You'll find the following on p. 60 in the photocopied ClassNotes.

We imagine turning on a source of EM radiation and then a short time later we take a snapshot.  The EM radiation is a wavy pattern of electric and magnetic field arrows.  We'll ignore the magnetic field lines.  The E field lines sometimes point up, sometimes down.  The pattern of electric field arrows repeats itself. 

Note the + charge near the right side of the picture.  At the time this picture was taken the EM radiation exerts a fairly strong upward force on the + charge.


Textbooks often represent EM radiation with a wavy line like shown above. But what does that represent?
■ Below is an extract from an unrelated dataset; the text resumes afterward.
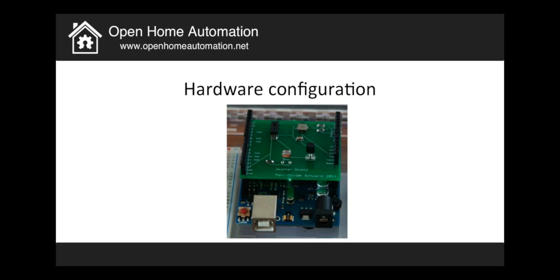So the hardware configuration first, well that's very easy. You just add your Arduino board and if you did the shield design correctly, well you just have to plug your shield into the Arduino board like you would do for any other shield. And now I will go to the software part on my desktop and I will show you how my shield is actually working.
The wavy line just connects the tips of a bunch of electric field arrows.

This picture was taken a short time after the first snapshot when the radiation had traveled a little further to the right.  The EM radiation now exerts a somewhat weaker downward force on the + charge.


The + charge is now being pushed upward again.  A movie of the + charge, rather than just a series of snapshots, would show the charge bobbing up and down much like a swimmer in the ocean would do as waves passed by.
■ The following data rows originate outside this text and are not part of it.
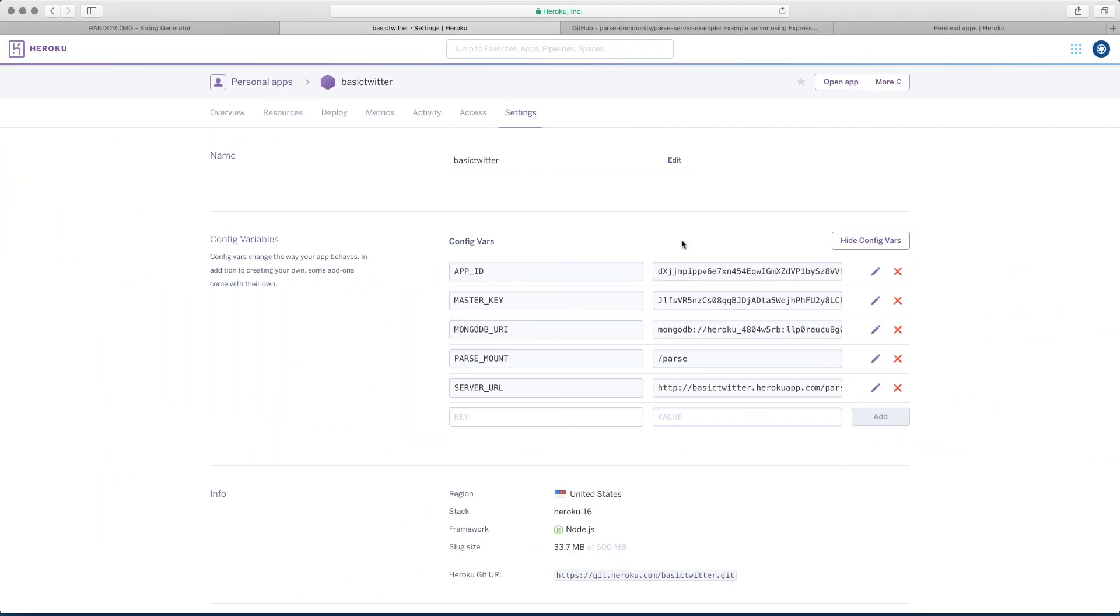So the next thing that we have to do now is to configure Xcode project.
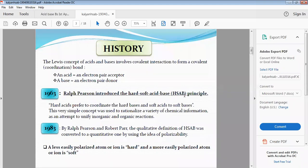The Hard and Soft Acid Base (HSAB) principle states that hard acids prefer to coordinate to hard bases, and soft acids prefer to coordinate to soft bases.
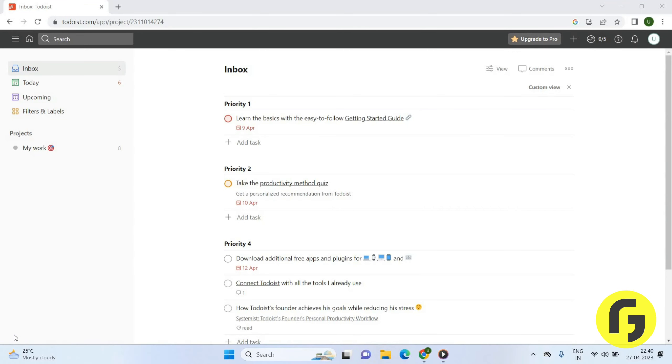Hello friends, welcome back again. I hope you all are doing good. In this video we are going to know how we can add a profile photo on the Todoist app. Let's get started.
The wavy pattern used to depict EM radiation can be described spatially in terms of its wavelength, the distance between identical points on the pattern.  By spatially we mean you look at different parts of the radiation at one particular instant frozen in time.  The following figure wasn't shown in class on Wednesday.  This is about where we'll start on Friday.



Or you can describe the radiation temporally using the frequency of oscillation (number of up and down cycles completed by an oscillating charge per second).  By temporally we mean you at one particular point for a certain period of time.


We spent the last few minutes of class wathcing the last of the Piccard video segments.  This one featured Bertrand Piccard (Jacques son, Auguste's grandson).  He was one member of the two-man team that first circled the globe non-stop in a balloon. 

There were actually balloons in the air at the same time.  The first was
the
Cable and Wireless Balloon piloted by Andy Elsen & Colin Prescot.  They launched Feb. 17, 1999 from Almeria, Spain and built up a 10 day lead.

The second balloon was the Breitling Orbiter 3 with Brian Jones & Bertrand Piccard.  They launched launched Mar. 1, 1999 from Chateau D'Oex, Switzerland.

The Cable and Wireless balloon crashed into the ocean just off the coast of Japan.  Piccard and Jones became, on Mar. 20, the first people to complete a non stop trip around the globe in a balloon.